The negotiated termination (rupture conventionnelle) is the most widely used form of termination of an open-ended employment contract in France after resignation. It allows the employer and employee to end their employment relationship by mutual agreement, under a procedure governed by the Labour Code and approved by the administrative authority. Flexible, legally secure and entitling the employee to unemployment benefit, it is often presented as the ideal solution — but it requires compliance with precise conditions and may be challenged where consent was not freely given.

1. Negotiated termination: definition and conditions

1.1 – What is a negotiated termination?

A negotiated termination is an amicable form of termination of an open-ended employment contract (CDI), introduced by the Act of 25 June 2008. It is codified in Articles L. 1237-11 to L. 1237-16 of the Labour Code. It cannot be imposed by either party: it requires the free and informed agreement of both signatories.

It is distinct from:

  • Dismissal: a termination at the employer’s initiative on specific grounds
  • Resignation: a termination at the employee’s initiative
  • A settlement agreement (transaction): which is concluded after termination of the contract and presupposes a pre-existing dispute

1.2 – Who can conclude a negotiated termination?

Negotiated termination is reserved for employees on open-ended contracts (CDI). It cannot be used to terminate a fixed-term contract or an apprenticeship contract. It applies across all sectors, including to protected employees — but in that case, a specific procedure applies (see section 6).

Important note

Negotiated termination cannot be used to circumvent the protective rules governing economic dismissal. If it occurs in a context of economic difficulties or job elimination, it may be reclassified as an economic dismissal without real and serious cause.

1.3 – The principle of free and informed consent

The validity of a negotiated termination rests entirely on the free and informed consent of both parties. Any defect in consent, whether fraudulent misrepresentation, moral duress or mistake, may result in the agreement being voided. The Court of Cassation monitors this point strictly: an employee who signs a negotiated termination under pressure, in a context of harassment or following an unresolved dispute, may obtain annulment of the agreement and damages.

2. The negotiated termination procedure

2.1 – The preliminary meeting

The procedure must begin with at least one meeting between the employer and the employee, at which they agree on the terms of the termination (Art. L. 1237-12 of the Labour Code). At this meeting, the employee may be accompanied by:

  • An employee representative or trade union delegate present in the company
  • An employee adviser chosen from a prefectoral list, where the company has no employee representatives

If the employee chooses to be accompanied, they must inform the employer before the meeting. The employer may then also be accompanied, on the same basis.
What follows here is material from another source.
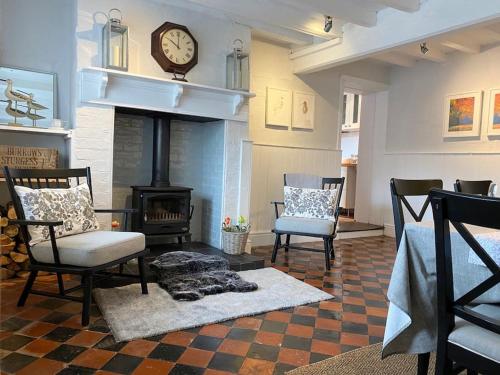 a living room with two chairs and a fireplace at Boothorpe Farmhouse in Blackfordby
2.2 – Signing the agreement

At the conclusion of negotiations, the parties sign a termination agreement using the official Cerfa form n° 14598*01 (individual negotiated termination) or Cerfa n° 14599*01 (collective negotiated termination). This agreement sets out in particular:

  • The planned termination date
  • The amount of the specific negotiated termination payment

2.3 – The withdrawal period

From the day after the agreement is signed, each party has a withdrawal period of 15 calendar days (Art. L. 1237-13 of the Labour Code). Withdrawal must be notified by registered letter with acknowledgement of receipt or by hand-delivered letter against signed receipt. No reason is required.

Key point

The withdrawal period is a matter of public policy and cannot be reduced by agreement of the parties. An agreement providing for a period of less than 15 days would be void. The termination date cannot precede the day after approval, nor fall before the expiry of the withdrawal period.
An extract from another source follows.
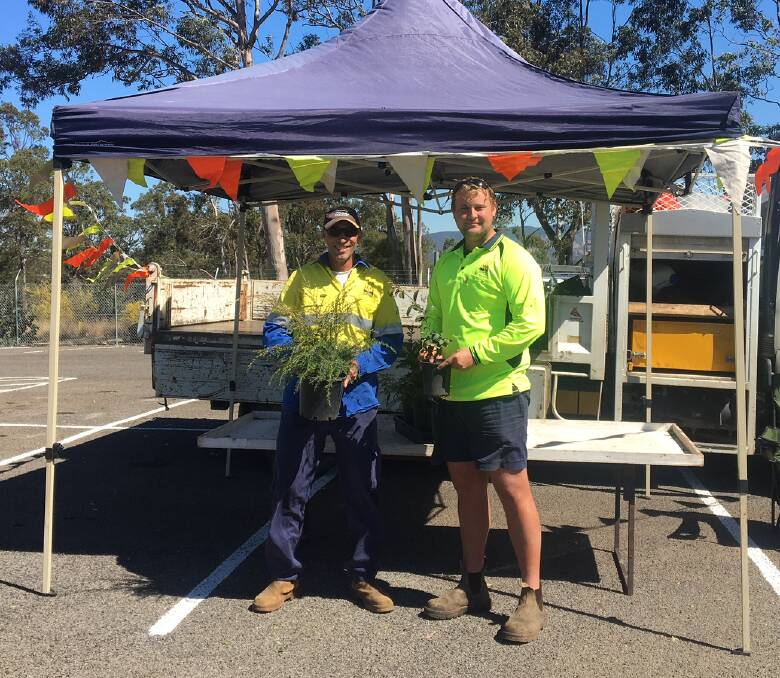 INITIATIVE: Cessnock City Council outdoor staff Tom Cook and Jordan McFayden with some of the plants residents who have recently built or bought a new home could receive.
2.4 – The approval application

Once the withdrawal period has expired, the more diligent party submits the agreement to the DREETS (Regional Directorate for the Economy, Employment, Labour and Solidarity) for approval via the TéléRC online service. The administration has 15 working days to process the application. Silence within that period constitutes tacit approval.

3. The specific negotiated termination payment

3.1 – The statutory minimum amount

The employee is entitled to a specific negotiated termination payment of no less than the statutory severance payment (Art. L. 1237-13 and R. 1234-1 of the Labour Code), that is:

  • 1/4 month’s salary per year of service for the first 10 years
  • 1/3 month’s salary per year beyond 10 years

The applicable collective bargaining agreement may provide for a more favourable contractual severance payment. In that case, that amount constitutes the floor for the negotiated termination payment.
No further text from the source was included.